蓮舫氏と立憲民主党の野田佳彦代表が並ぶ(2024年7月撮影)
反発強まる産別と党内批判
小川淳也幹事長は24日の記者会見で、蓮舫氏擁立について「全国比例候補として北海道から沖縄まで走り回っていただき、貢献することを期待している」と説明した。しかし、立憲民主党を支援する連合傘下の産業別労働組合(産別)は強く反発している。参院選比例代表は、候補者名と政党名の合計得票で議席が決まり、原則として候補者個人の得票が多い順に当選する仕組みだ。このため、知名度の高い蓮舫氏が多くの票を集め、産別が支援する組織内候補の当選順位が下がる、あるいは落選する可能性が指摘されており、産別からの反発が強い。党執行部は記者会見で「『誰がはじかれる』『どこの団体がはじかれる』ということを憂慮した声は一切なかった」と強調するが、現場の不満はくすぶる。
野田代表への「側近政治」批判
また、野田代表の政治手法にも批判が集まっている。野田氏は自身に近い手塚仁雄幹事長代行らを重用しており、「側近政治だ」との声が党内にある。今回の蓮舫氏擁立も野田代表の意向が強く働いたとみられており、ある立民中堅議員は「野田氏はえこひいきで蓮舫氏を復帰させたいのだろうが、有権者も党員も求めていない。

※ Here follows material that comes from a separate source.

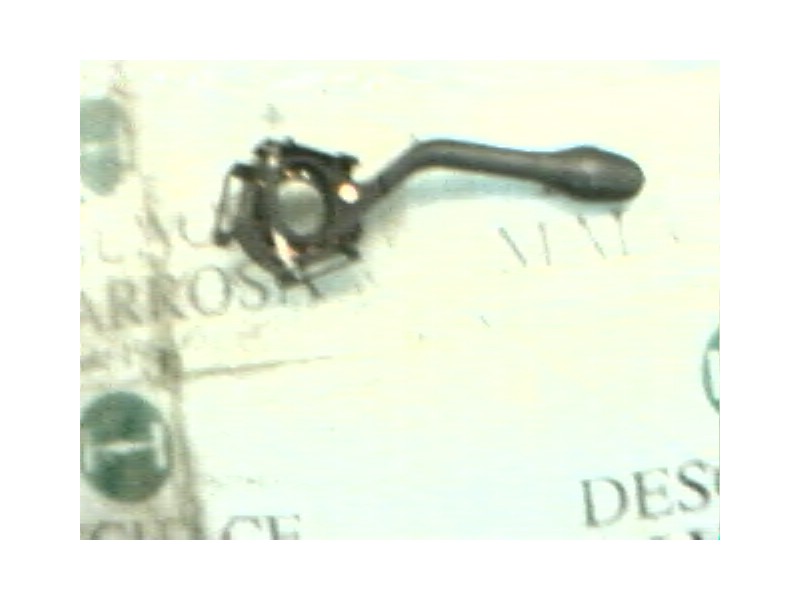 Recambio de mando limpia para volkswagen polo berlina (6n1) 1.05 referencia OEM IAM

これで負けたら抗争になる」と語気を強めた。
過去の「国政に戻らない」発言との矛盾
蓮舫氏は昨年6月に立憲民主党を離党、7月の東京都知事選に無所属で出馬し3位に終わった後、自身のSNSに「今は国政選挙を考えていない」「120万を超える人が『蓮舫』と書いてくれた。これでまた国政に戻るのは私の中では違う」と投稿していた。別の立民中堅は「ブーメランとはまさにこのことだ」とあきれ顔を見せた。
まとめ
蓮舫氏の公認決定は、党勢拡大を狙う野田代表の賭けだが、産別との軋轢、野田氏への側近政治批判、そして蓮舫氏自身の過去の発言との矛盾という、複数の火種を抱えた形だ。党内にはすでに不協和音が響き始めており、この決定が参院選の結果次第では、野田代表にとって〝時限爆弾〟となりかねない状況だ。